I tried using torch.clamp, but also seems non-differentiable:
import torch
from torch import autograd
threshold = autograd.Variable(torch.rand(1), requires_grad=True)
print('threshold', threshold)
# m = torch.nn.Threshold(threshold, threshold)
input = autograd.Variable(torch.rand(1, 5), requires_grad=True) - 0.5
print('input', input)
# out = m(input)
out = torch.clamp(input, min=threshold)
print('out', out)
out.backward(torch.ones(1, 5))
print('threshold.grad.data', threshold.grad.data)
> Traceback (most recent call last):
> File "4729.py", line 11, in <module>
> out = torch.clamp(input, min=threshold)
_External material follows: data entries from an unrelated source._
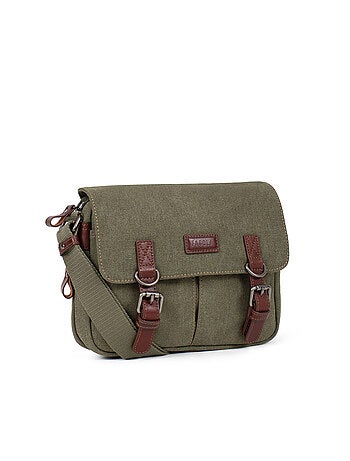 Sac reporter tablette Léo Focus Bleu | FAGOLA
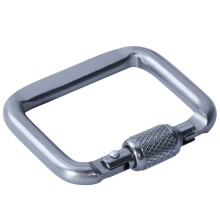 Aluminum Carabiner Locking Carabiner Hook for Backpacks Camping Hikings Travel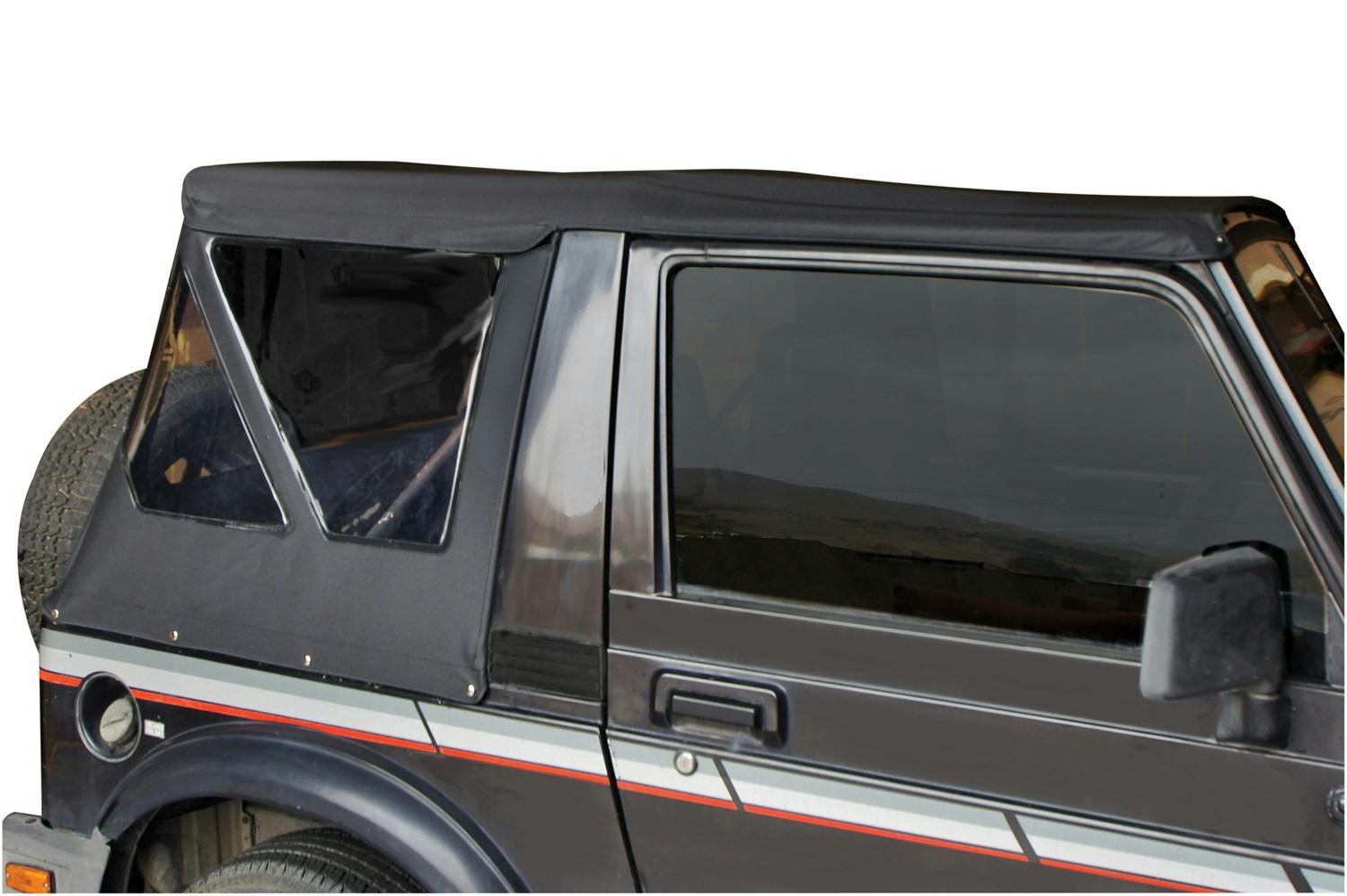 Rampage Products 98535 OEM Replacement Soft Top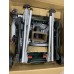 Metabo 600668000 TS 254 Tischkreissäge mit Untergestell und Trolleyfunktion 254 mm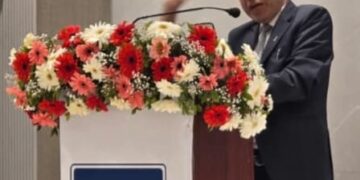 MLA Gulmarg attends J&K Evening event in Mumbai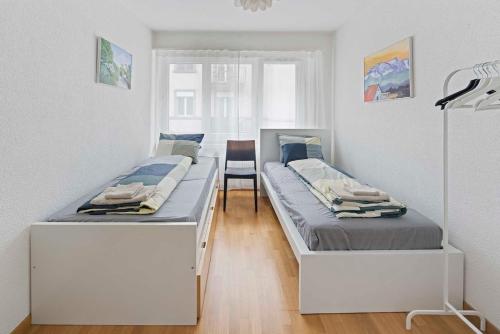 Family Apartment - 3 Bedrooms Sleeps 7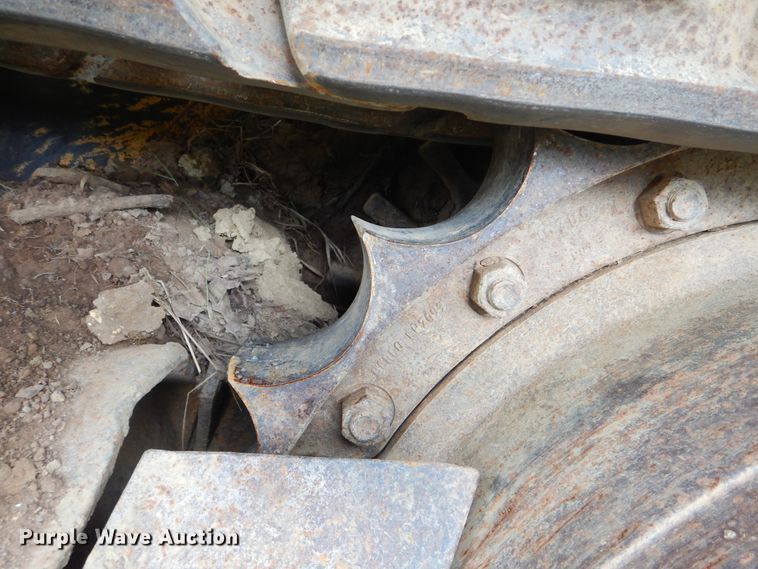 image for item DI0436 2007 John Deere 950J  dozer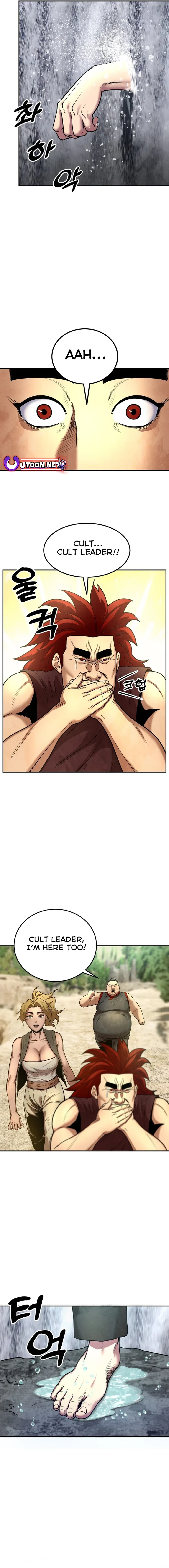 Embodiment of the Assassin in the Murim World Chapter 22 97 21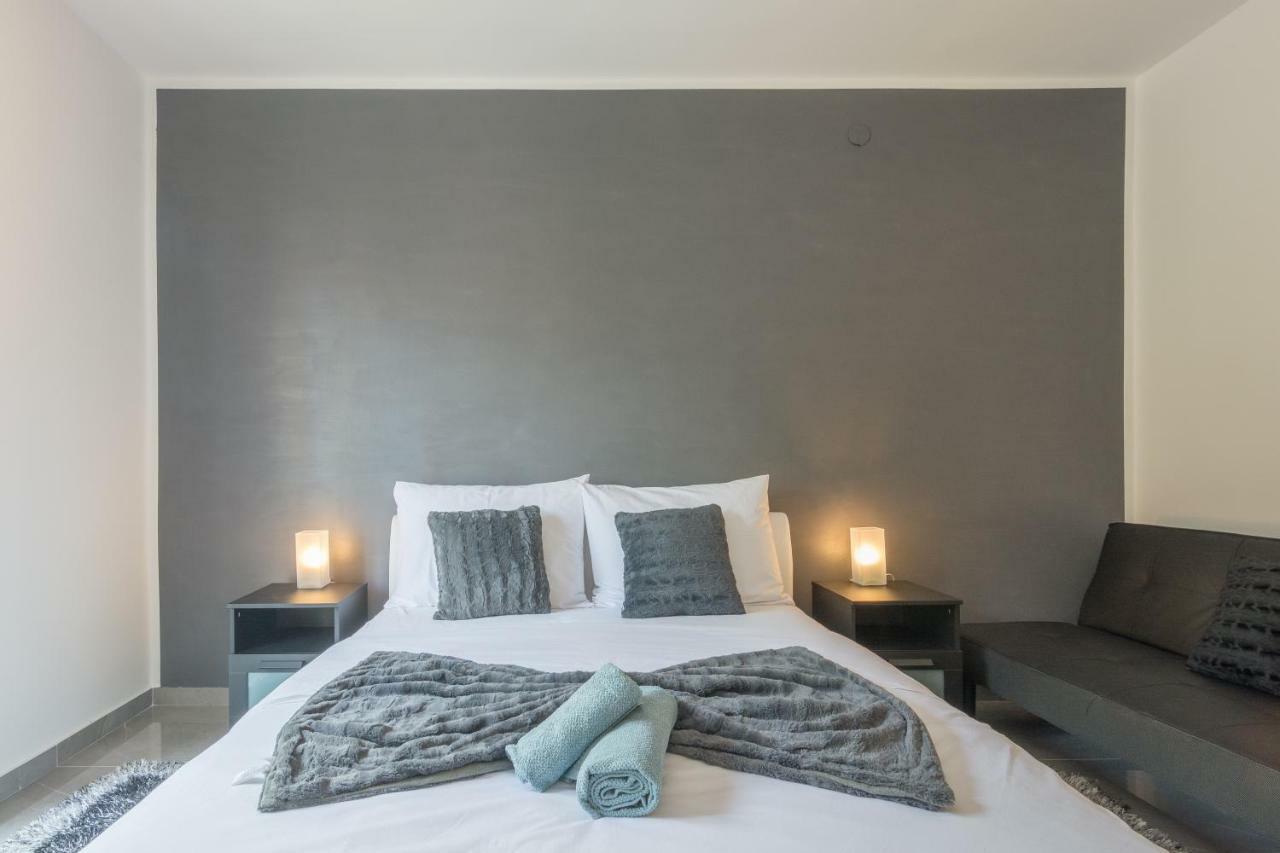 Luxury Apartment Melissa Vodice Exteriör bild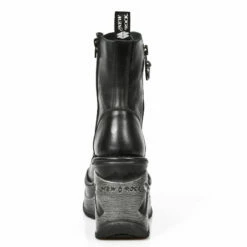 Bottines Compensées New Rock M.SP0004-C1 -Spiral Boutique new rock m sp0004 c1 5 zoom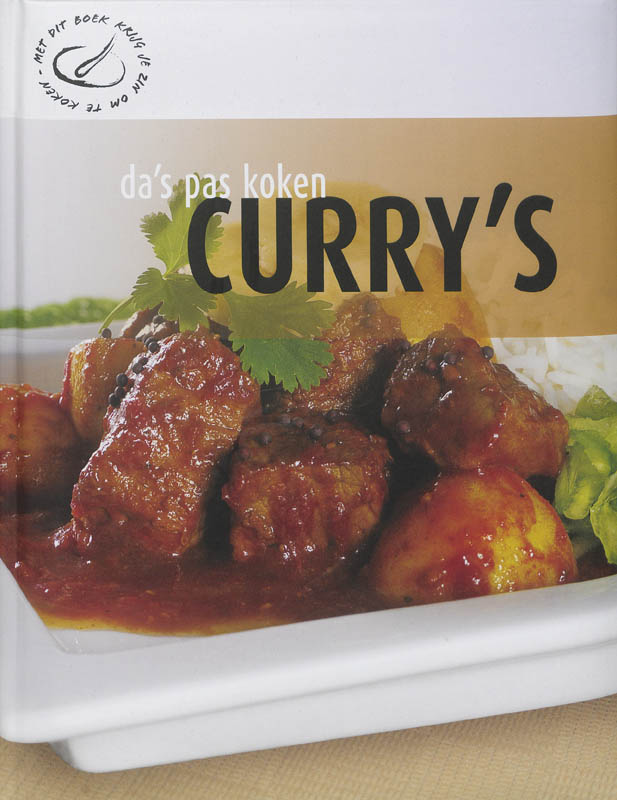 Omslag van Curry's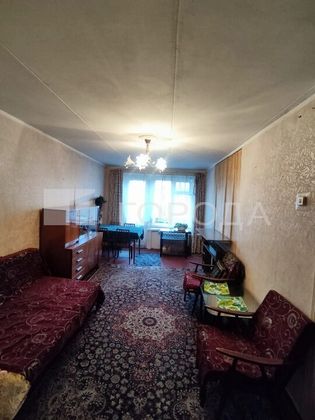 Продажа 3-комнатной квартиры 58,6 м², 5/5 этаж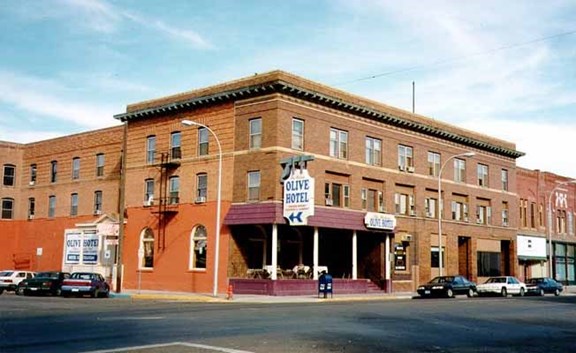 Olive Hotel
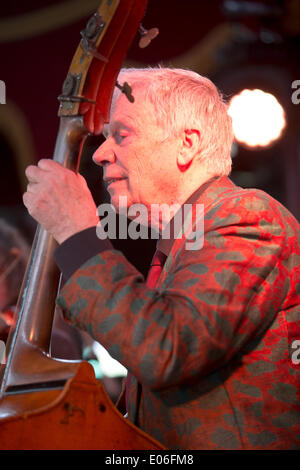 Jazz Herbies Colazione a Brighton Fringe 2014 eseguite presso il Spiegel tenda Foto Stock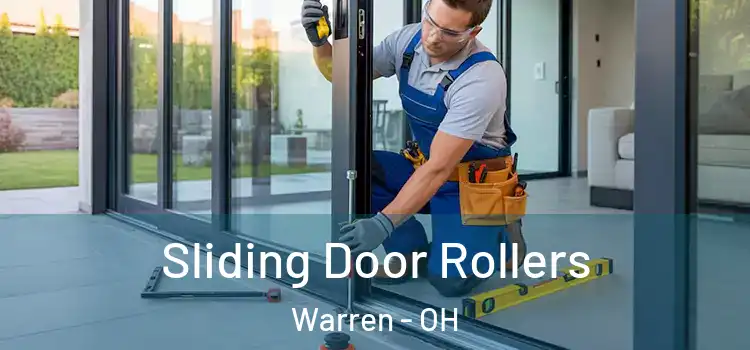 Sliding Door Rollers Warren - OH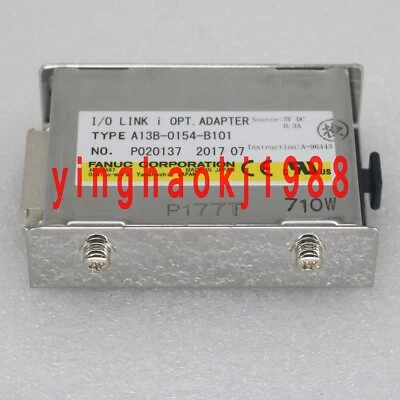 For FANUC A13B-0154-B101 Optical I/O Link New - Image 1 of 4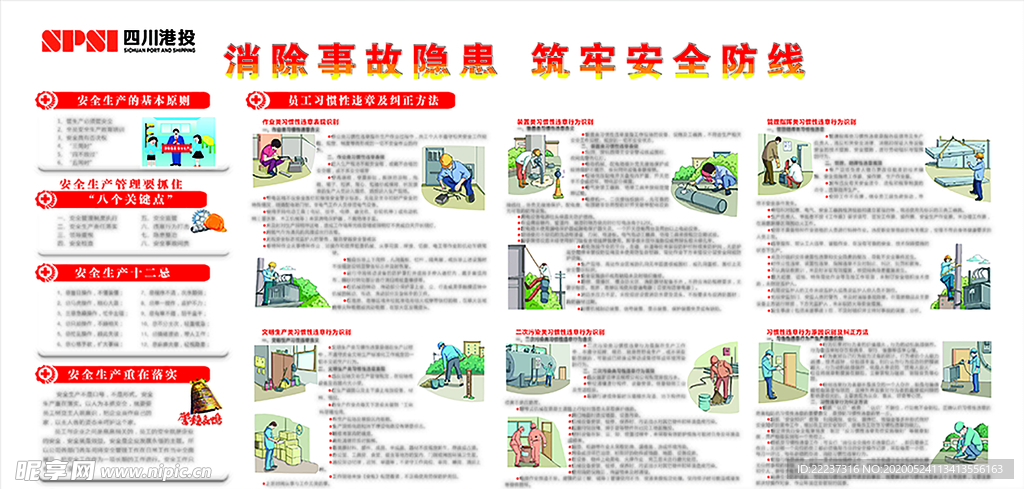 消除事故隐患  筑牢安全防线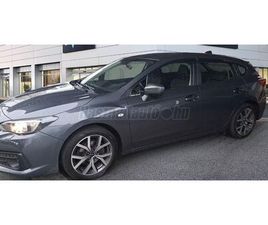 SUBARU IMPREZA 1.6 TREND CVT PDC/KAMERA/NAVI
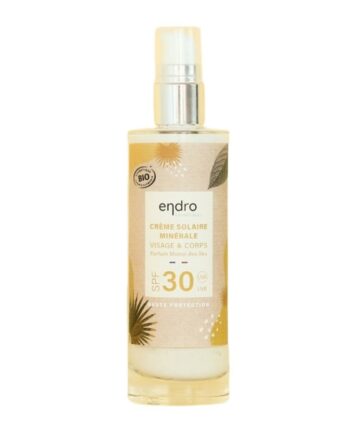 Bio Solcreme SPF 30 - Endro Cosmetiques, 100ml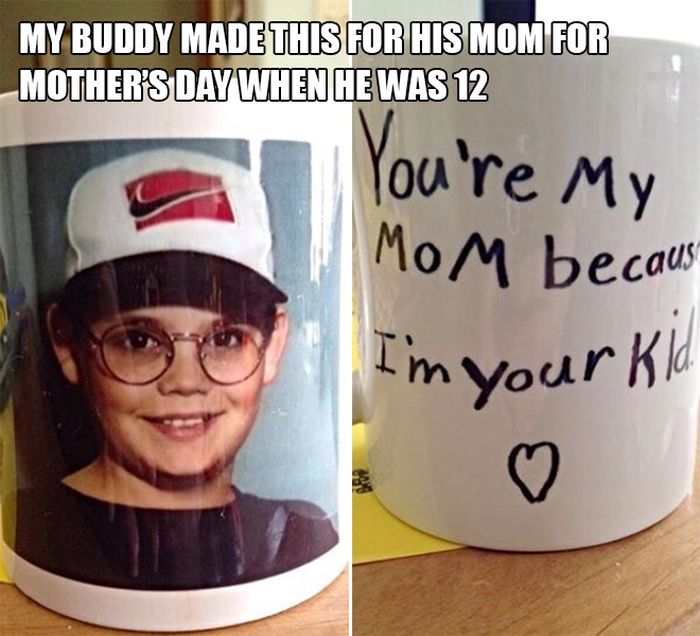 Kids Give The Best Presents (14 pics)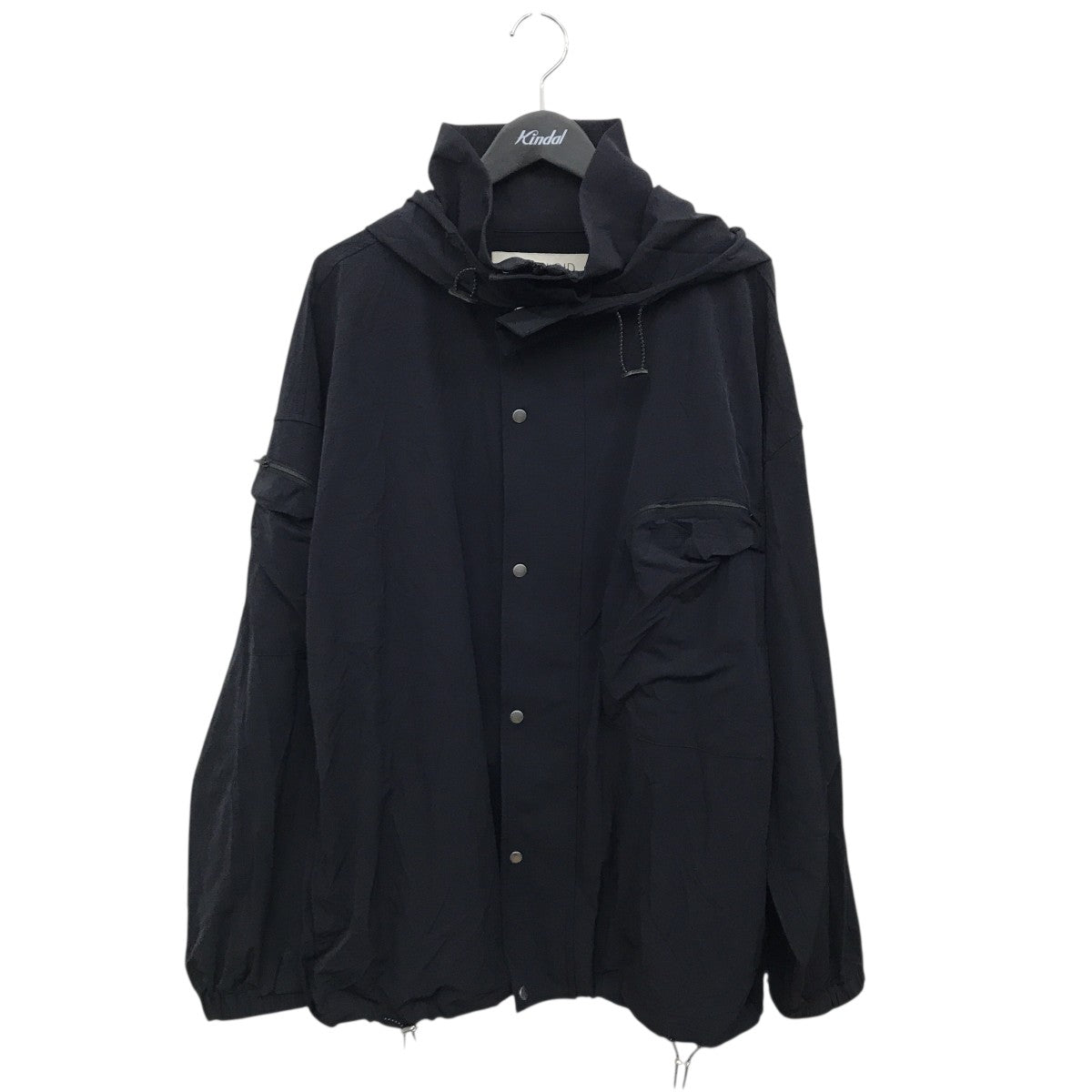 POLYPLOID(ポリプロイド) MOUNTAIN JACKET Cジャケット33-C-12 33-C-12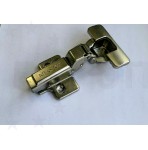 KITforKIT NEO Петля 110 с доводчиком пол.торца с 3D регулировкой (06.01.024KA) C=8, H=0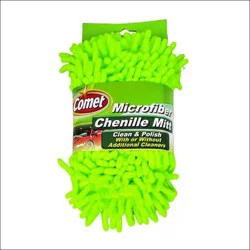 Comet Microfiber Mitt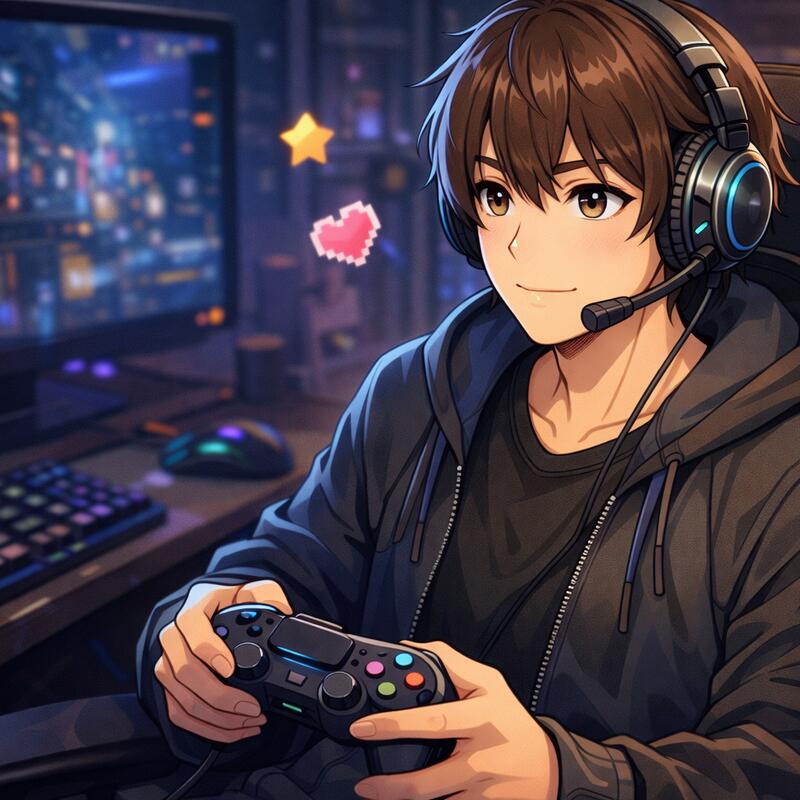 Kaitoのアバター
> File "/Users/hugh2/conda3/envs/pytorch/lib/python3.6/site-packages/torch/autograd/variable.py", line 396, in clamp
> return CmaxConstant(min)(self)
> File "/Users/hugh2/conda3/envs/pytorch/lib/python3.6/site-packages/torch/autograd/_functions/pointwise.py", line 232, in forward
> self._max_buffer = i.gt(self.constant).type_as(i)
> TypeError: gt received an invalid combination of arguments - got (Variable), but expected one of:
> * (float value)
> didn't match because some of the arguments have invalid types: (Variable)
> * (torch.FloatTensor other)
> didn't match because some of the arguments have invalid types: (Variable)
I tried on tensorflow, and seemed to work ok:
import tensorflow as tf
graph = tf.Graph()
with graph.as_default():
input_t = tf.placeholder(tf.float32, [None], 'input')
threshold_t = tf.Variable(0.05)
out_t = tf.minimum(input_t, threshold_t)
sess = tf.Session()
with sess.as_default():
sess.run(tf.global_variables_initializer())
print('out', sess.run(out_t, feed_dict={input_t: [-0.3, 0.0, 0.7]}))
# get grad of out_t wrt threshold_t
grad_out_t = tf.gradients(out_t, [threshold_t])[0]
print('d(out)/d(theshold)', sess.run(grad_out_t, feed_dict={input_t: [-0.3, 0.0, 0.7]}))
print('d(out)/d(theshold)', sess.run(grad_out_t, feed_dict={input_t: [-0.3, 0.0, -0.7]}))
print('d(out)/d(theshold)', sess.run(grad_out_t, feed_dict={input_t: [-0.3, 0.5, 0.7]}))
out [-0.30000001 0. 0.05 ]
d(out)/d(theshold) 1.0
d(out)/d(theshold) 0.0
d(out)/d(theshold) 2.0
Edit: I guess maybe this needs the Scalar thing that’s on the way, in order to be solved?